Active tokens -- also called smart tokens -- are much more complex than basic tokens. Active tokens incorporate some form of embedded intelligence. They are both harder to counterfeit and much harder to bypass than basic tokens.
A smart token can verify its validity by actively changing some provided nonsense value (commonly referred to as a nonce) in a way that, while difficult to duplicate, is easy to verify.
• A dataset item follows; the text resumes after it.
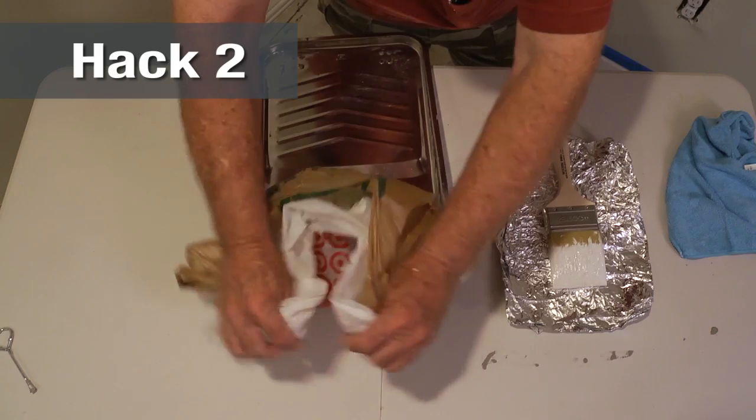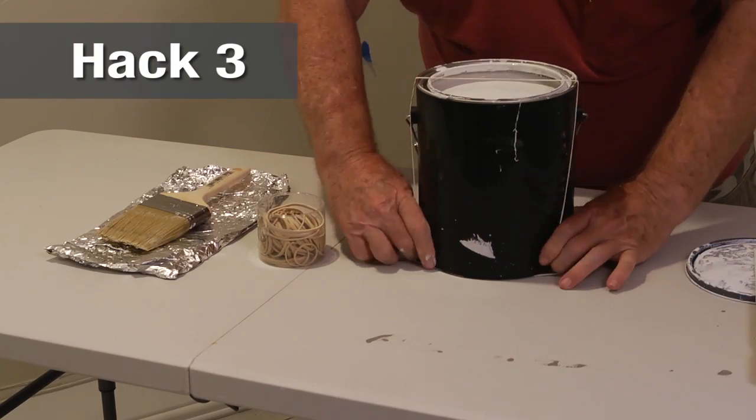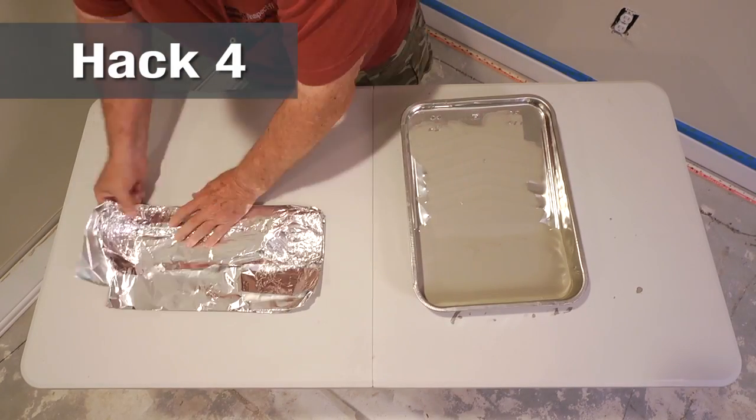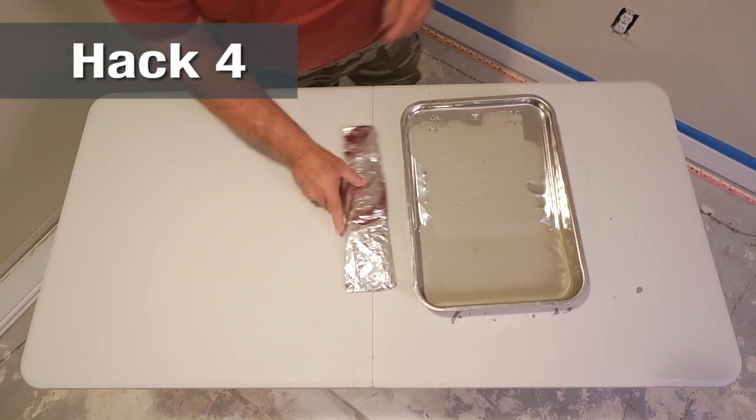Avoid messy clean up by using a plastic bag over your paint tray. Use a rubber band over the center of your paint can to wipe off your brush. Wrap wet brushes in a plastic bag or aluminum to keep them from drying out.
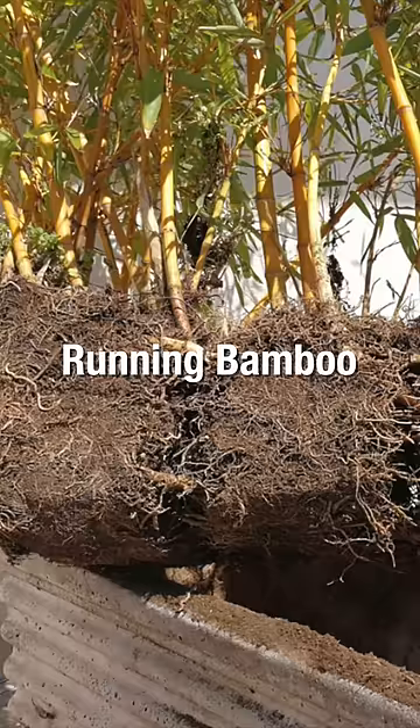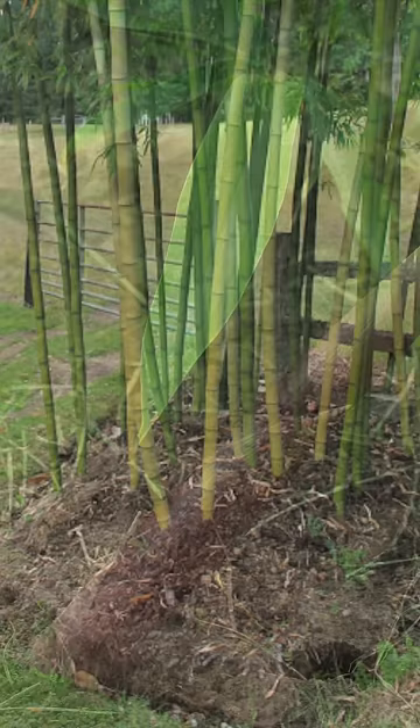Running bamboos spread horizontally by underground stems called rhizomes, and this can cause new shoots to appear far from the original plant. This makes it hard to control and high maintenance.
Cryptographic smart cards, common in Public Key Infrastructures, can do this by digitally signing the nonce. This enables the secured system to verify that the token is the same entity that it claims to be. Because active tokens frequently make use of highly unique internal characteristics to modify the nonce -- and because most active tokens will self-destruct if the integrity of their packaging is violated -- active tokens are very difficult to counterfeit.
Because they actively change the nonce, active tokens are extremely difficult to bypass, especially if the nonce changes with each challenge. The difficult-to-bypass feature is why some luxury vehicles now use active tokens embedded in the vehicle ignition key to prevent vehicle theft. If the ignition key doesn't properly authenticate to the engine computer, the engine simply will not run.
One interesting characteristic of active tokens is that they can be permanently installed within a server. Once such a token is installed, it can be used to identify the system to other systems in business-to-business transactions with the same characteristics that make tokens useful in identifying people.
The Java platform provides more support for ownership challenges than perhaps any other platform. The most important part of this support is embodied in the JavaCard specifications.
JavaCard specifications describe a platform for Java technology embedded in smart cards. This integral support for smart cards enables Java developers to take advantage of the most effective tokens available within the same familiar platform as their enterprise applications.
Further support from the Java platform is provided by the Java Cryptography Extensions (JCE), the Java technology in the Open Card Framework, and Jini network technology (see Resources) to support automatic discovery of card devices. All major card-reader vendors, as well as most smart-card vendors, provide support for the Java platform and JavaCard technology (see Resources). The reason for such broad support is the vast capability and multi-application flexibility of JavaCard technology and the corresponding benefits in securing a high-stakes system.
There is one major problem with all token challenges. They only verify that the user owns the token involved. Because it is entirely possible for a malicious user to obtain another user's token, it is still possible to misidentify the user.
This problem is alleviated to a certain degrees with active tokens by preventing the counterfeit or duplication of the token and, frequently, by adding a knowledge challenge into the token. However, the problem still exists.
It would be a marvelous security measure to be able to ensure that the individual who possesses the token is, in fact, the unique individual to whom the token was assigned. ID cards, US drivers licenses, and a few credit cards use a picture to perform this function.
Computers need more than a picture, though, and the emerging science of biometrics is providing a solution.
Fingerprints, voice prints, iris patterns, facial geometry, retinal scans -- all of these are means of answering the question "What are your characteristics?"
Biometrics is the science of measuring the unique physical characteristics of individuals. These techniques offer the promise of delivering a long-dreamed-of level of security -- a computer system that recognizes a user more accurately than people recognize each other. The ideal still doesn't exist, but systems are available today that can dramatically increase security by presenting a physical characteristics challenge.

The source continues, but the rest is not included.